Outstanding working class leader Frank Keeney, president of U.M.W.A. District 17, is acquitted of murder in a trial stemming from West Virginia’s 1921 Battle of Blair Mountain.
‘Keeney Freed in West Virginia Murder Trial’ from the New Leader. Vol. 1 No. 10. March 22, 1924.
Conspiracy Charge Collapses and Mine Leader Exposes Feudalism in His State.
Fayetteville, W. Va. C. Frank Keeney, president of District 17, United Mine Workers of America, was found not guilty of being accessory to murder by a Circuit Court jury.
The indictments against the union chief grew out of the march of armed men from the union coal fields of the State to the nonunion Logan County field in 1921. The accessory charge was lodged in connection with the death of John Gore, a Logan deputy sheriff, who was killed during the fighting on Blair Mountain. Five weeks were required to hear the evidence in the case.
The main issue in the trial was whether Keeney and other union officials encouraged and assisted in bringing about the march, as claimed by the prosecution, or whether it was a purely spontaneous action of men in the coal fields enraged by what they believed was persecution of union miners.
The acquittal of Keeney marks the end of one of the most remarkable trials in all labor history. Ably defended by Harold W. Houston, veteran Socialist lawyer, Keeney made the witness stand a forum to expose the iniquities of corporation ruled West Virginia.
During the trial, Keeney wrote a letter to Arthur W. Page, editor of the World’s Work, replying to an article in a recent issue of that magazine, “Must Murder be the Price of Coal?” Keeney compared conditions in the coal fields of southern West Virginia to feudalism, and charged the existence of a “gigantic conspiracy of non-union operators to own and control the Government of the State, and through seizure and misuse of its powers to drive the United Mine Workers from the State.”
The non-union fields are said by Keeney to be “seeking to precipitate strikes and disorder in the unionized, fields this spring, and as aiming to prevent harmonious relation between the union and the mine operators who employ unionized workers.

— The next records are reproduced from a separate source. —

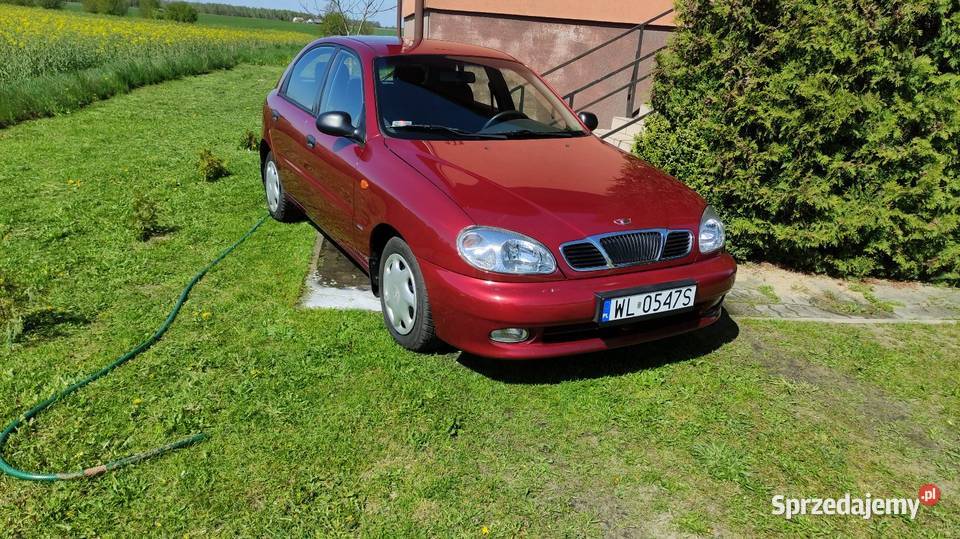 Daewoo Lanos 15 16v 2000r 75 4/5 Lipno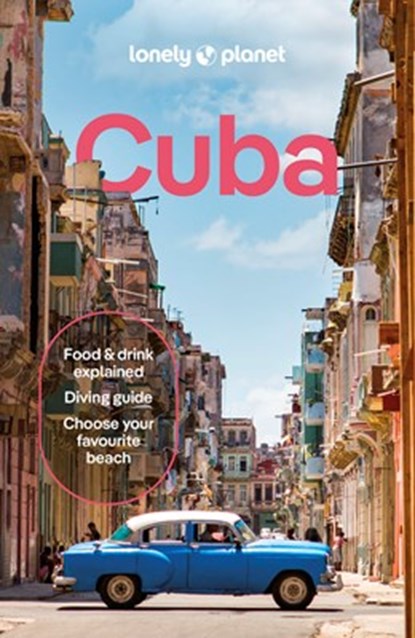 Lonely Planet Cuba, niet bekend - Paperback - 9781837584093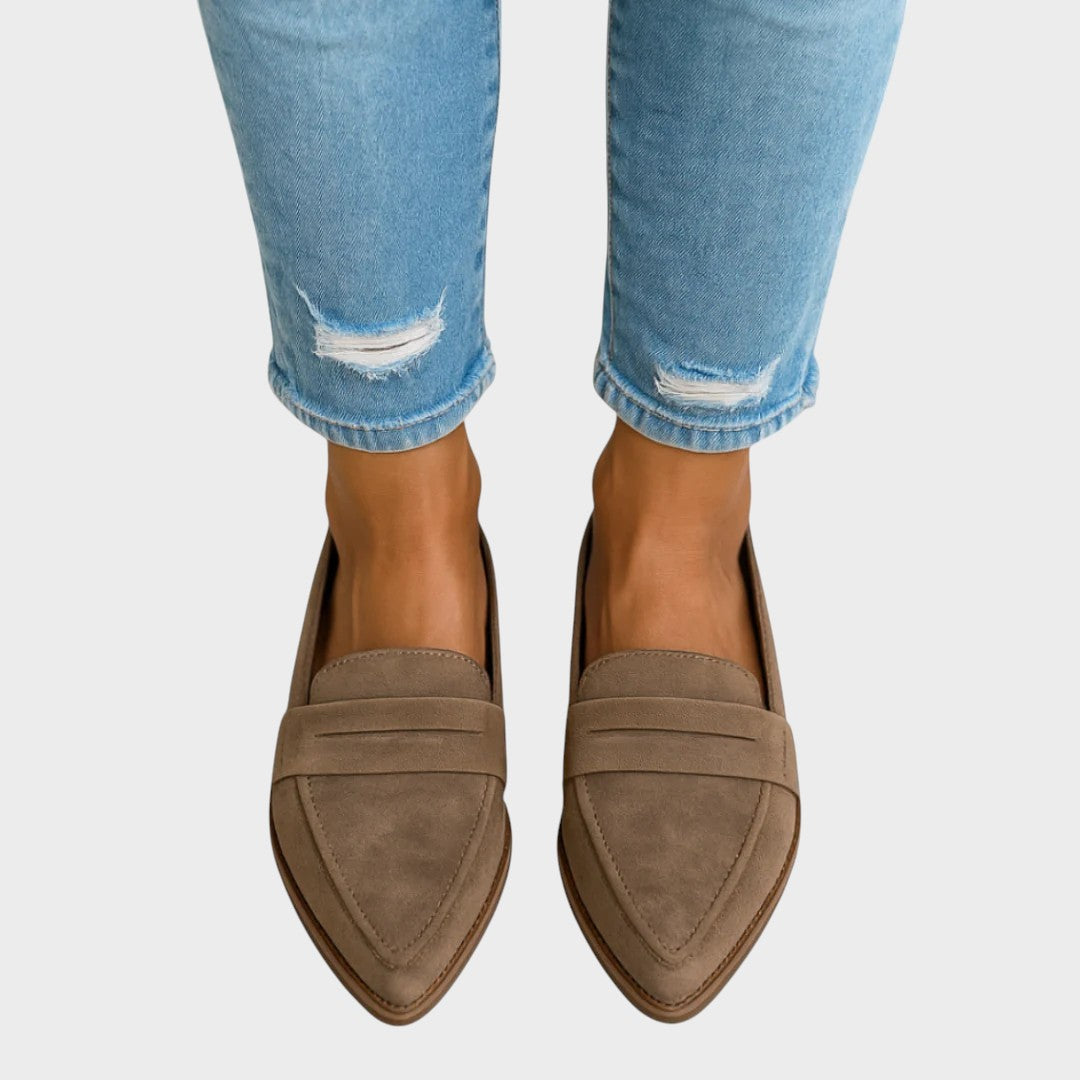 Zuriñe - Mocasines Estilo Suecos Modernos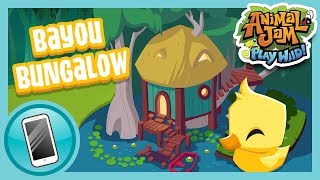 The Bayou Bungalow Arriving in Play Wild  Animal Jam  Play Wild [upl. by Pollack558]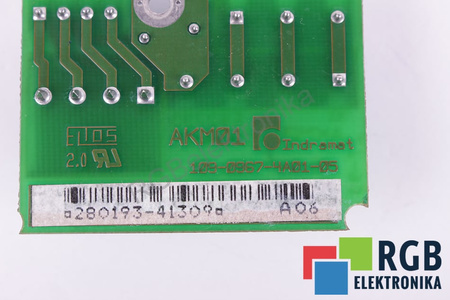 AKM01 INDRAMAT 109-0967-4A01-05 109-0967-4B01-05 PLACA TERMINAL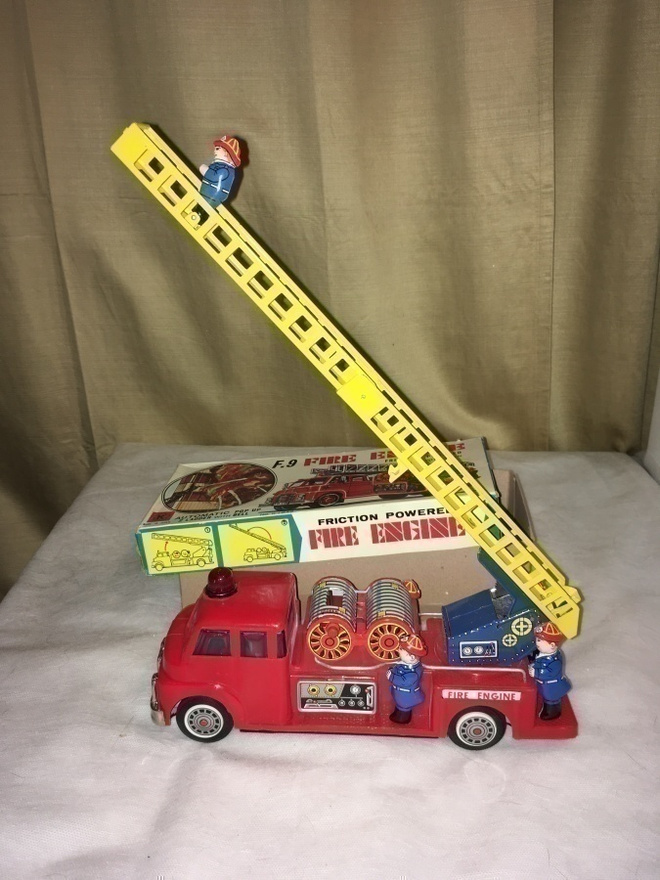 Leikkipaloauto F9 Fire Engine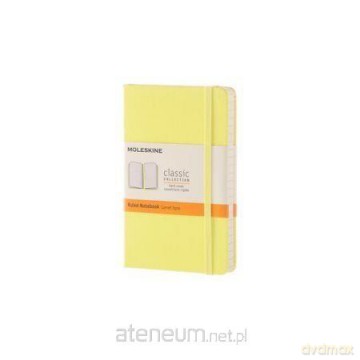 Notes Classic 13x21 linia- cytrynowy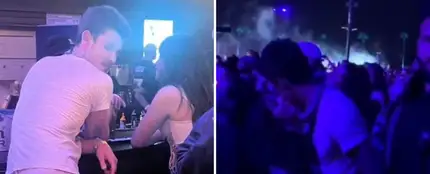 El beso de Camila Cabello y Shawn Mendes en Coachella El beso de Camila Cabello y Shawn Mendes en Coachella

“There has been violence and lawlessness in West Virginia,” he says, “but to attempt to put the full responsibility for it upon the shoulders of the United Mine Workers, and to grant a clean bill of health to the coal corporations with their armies of gunmen, mine guards and special deputies is to ridicule and deride the known facts and actual conditions.
“An attempt to discuss the Paint Creek and Cabin Creek strikes and yet neglect to mention the infamous armored train-box cars lined with boiler plate which, without lights or signals prowled through the mining camps during the night and poured machine gun volleys through portholes into the tent colonies of workers and their families, is to overlook the cause of more than three-fourths of the violence and bitter feeling in that struggle.” Keeney specifically denies the existence “of a conspiracy in the central competitive field to unionize the coal mines of West Virginia,” and the allegation that “the miners’ union expended $2,557,000 in one single unionization campaign in Mingo county.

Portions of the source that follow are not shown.